**WHAT TO PRODUCE**
When you reproduce the listing, keep every word as it is and drop the pictures.

**GIVEN MATERIAL**
= = = =
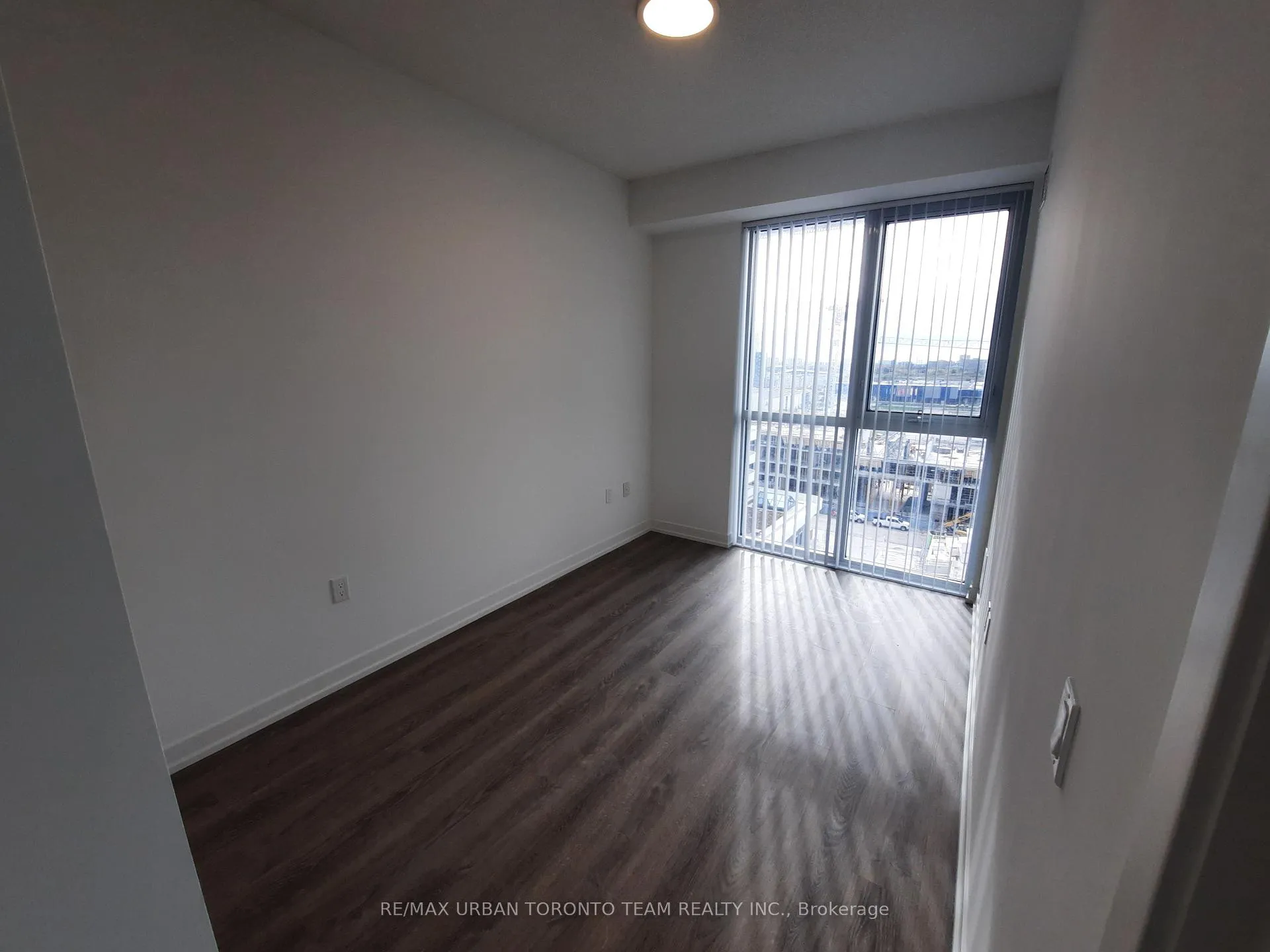 Photo 9 of Unit 912, 8 Interchange Way, Vaughan, Vaughan Corporate Centre — HOMEH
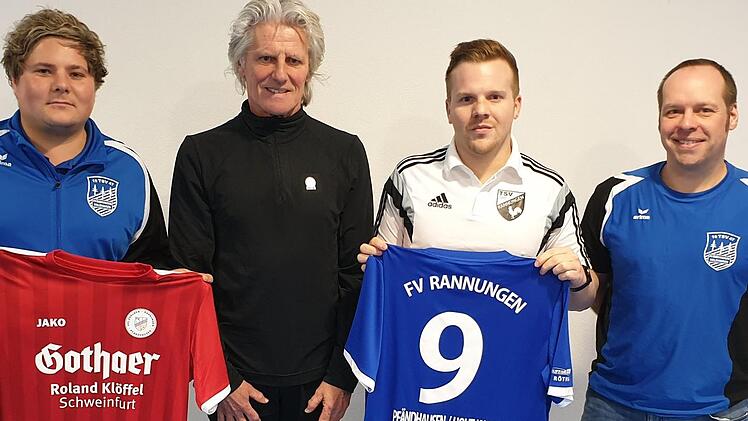 Besiegelten ihre Zusammenarbeit ab der nächsten Saison (von links): Frank Hofmann (1. Vorstand FV und Vorstand Sport beim TSV Pfändhausen/Holzhausen), Werner Dressel, Dominik Hüllmantel 2.Vorstand FV und Vorstand Sport Rannungen) sowie Christian Gessner ( Beisitzer FV und Vorstandschaft TSV Pfändhausen/Holzhausen). Foto: Peter Balthasar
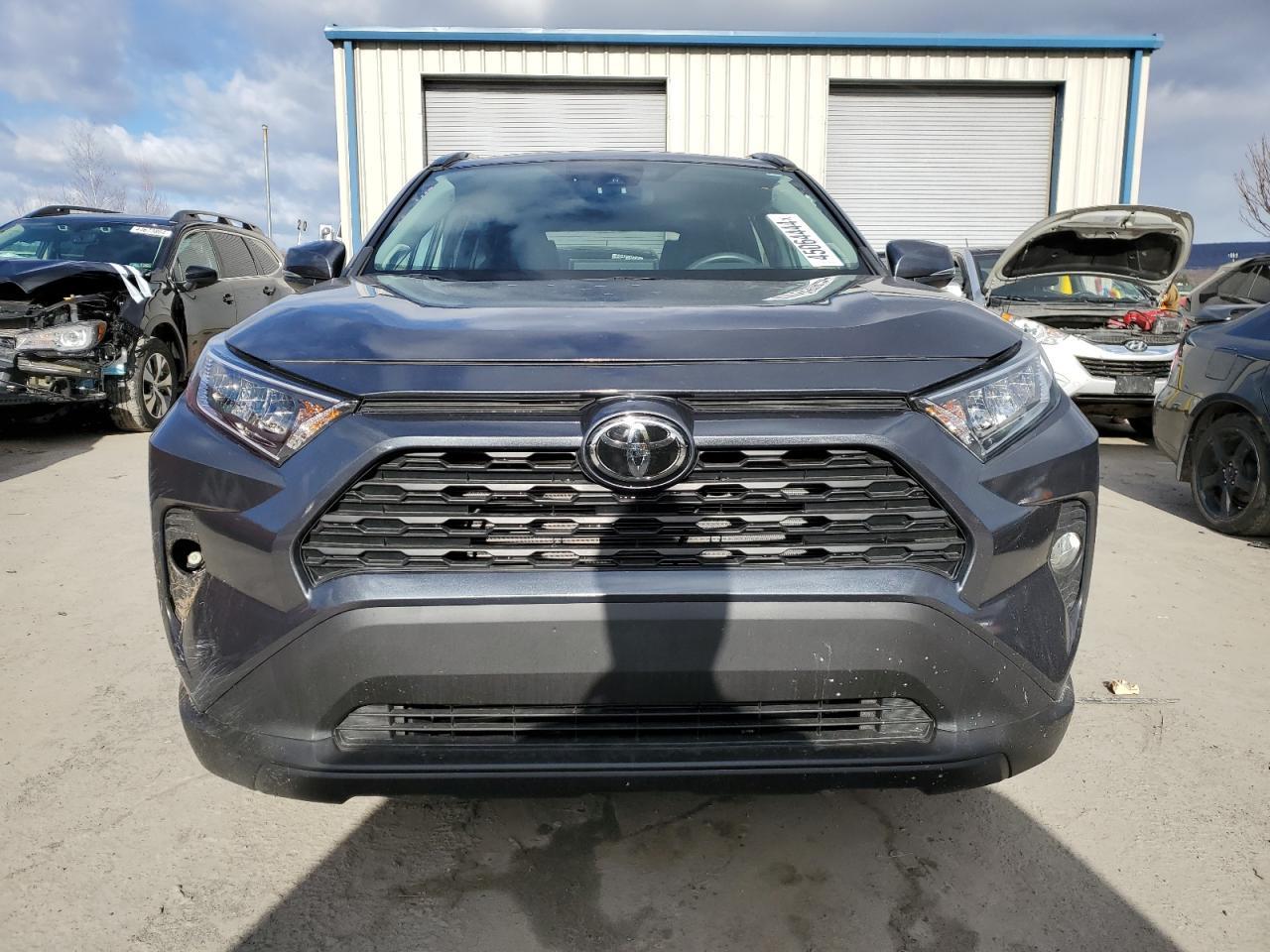 2020 TOYOTA RAV4 XLE P - Image 5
= = = =
**RESULT**
 Photo 9 of Unit 912, 8 Interchange Way, Vaughan, Vaughan Corporate Centre — HOMEH
 Besiegelten ihre Zusammenarbeit ab der nächsten Saison (von links): Frank Hofmann (1. Vorstand FV und Vorstand Sport beim TSV Pfändhausen/Holzhausen), Werner Dressel, Dominik Hüllmantel 2.Vorstand FV und Vorstand Sport Rannungen) sowie Christian Gessner ( Beisitzer FV und Vorstandschaft TSV Pfändhausen/Holzhausen). Foto: Peter Balthasar
 2020 TOYOTA RAV4 XLE P - Image 5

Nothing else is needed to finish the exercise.